**DATASET EXTRACT**

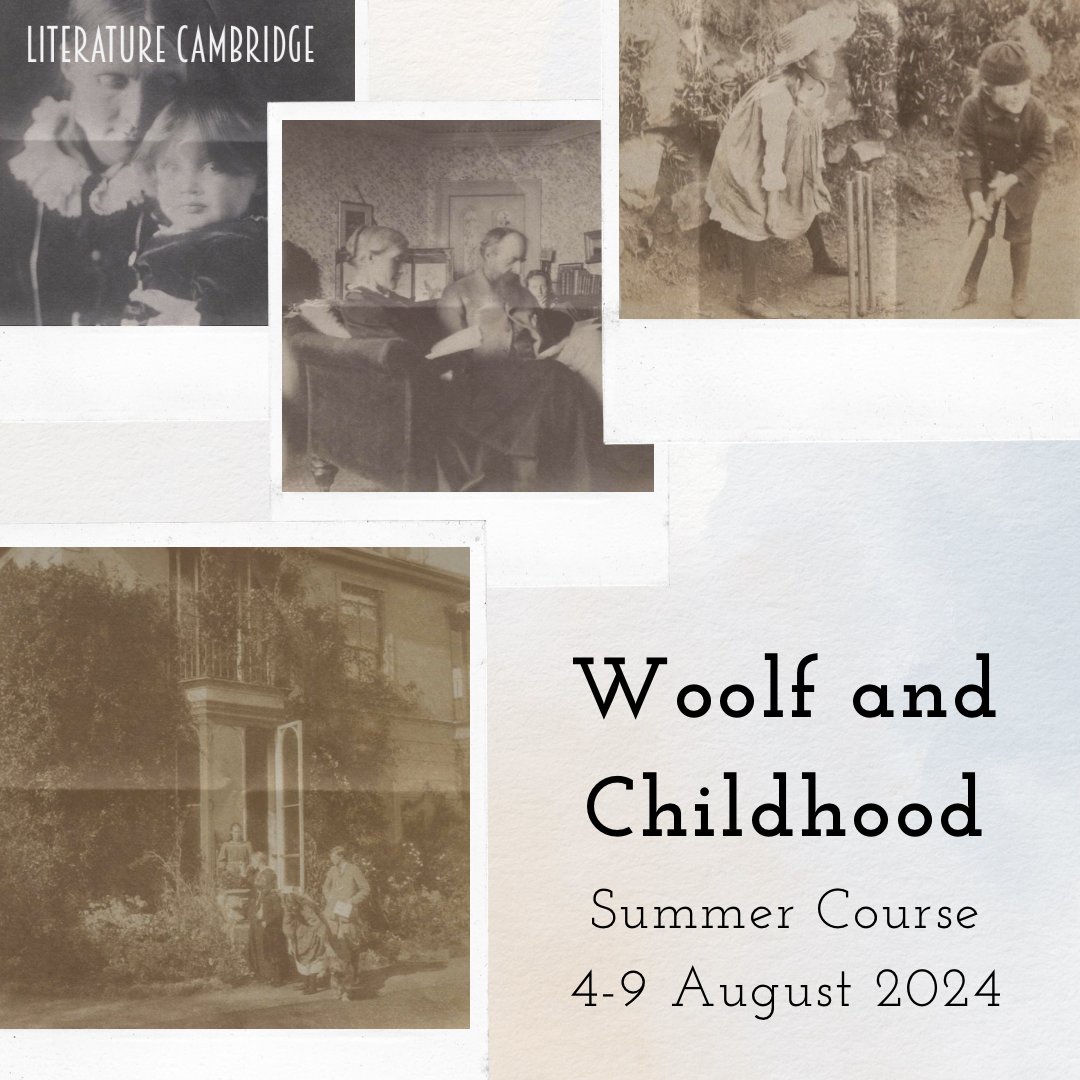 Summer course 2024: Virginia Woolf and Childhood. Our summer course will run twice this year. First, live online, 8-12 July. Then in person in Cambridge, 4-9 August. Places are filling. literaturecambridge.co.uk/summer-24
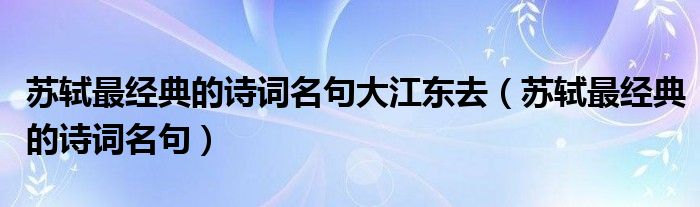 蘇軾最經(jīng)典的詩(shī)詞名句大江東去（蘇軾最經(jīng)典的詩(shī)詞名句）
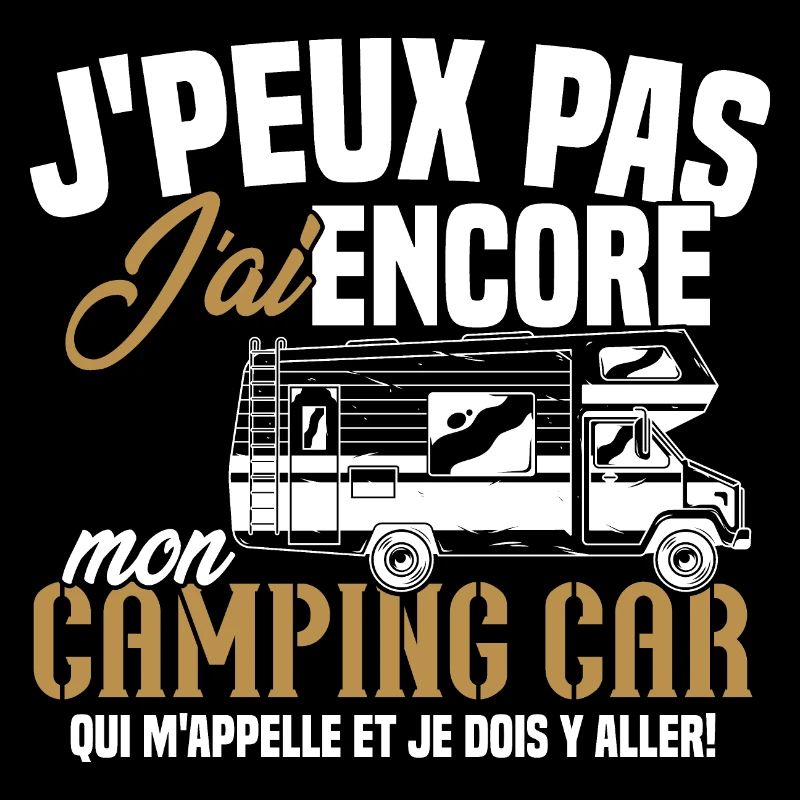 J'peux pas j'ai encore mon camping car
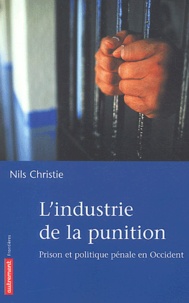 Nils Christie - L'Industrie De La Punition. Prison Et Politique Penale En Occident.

**TASK INSTRUCTIONS**
The copy has to start at the line that contains "蘇軾最經(jīng)典的詩(shī)詞名句大江東去（蘇軾" and end at the last line of the material above, matching the original exactly and holding no pictures.

**RESULT OF THIS EXERCISE**
 蘇軾最經(jīng)典的詩(shī)詞名句大江東去（蘇軾最經(jīng)典的詩(shī)詞名句）
 J'peux pas j'ai encore mon camping car
 Nils Christie - L'Industrie De La Punition. Prison Et Politique Penale En Occident.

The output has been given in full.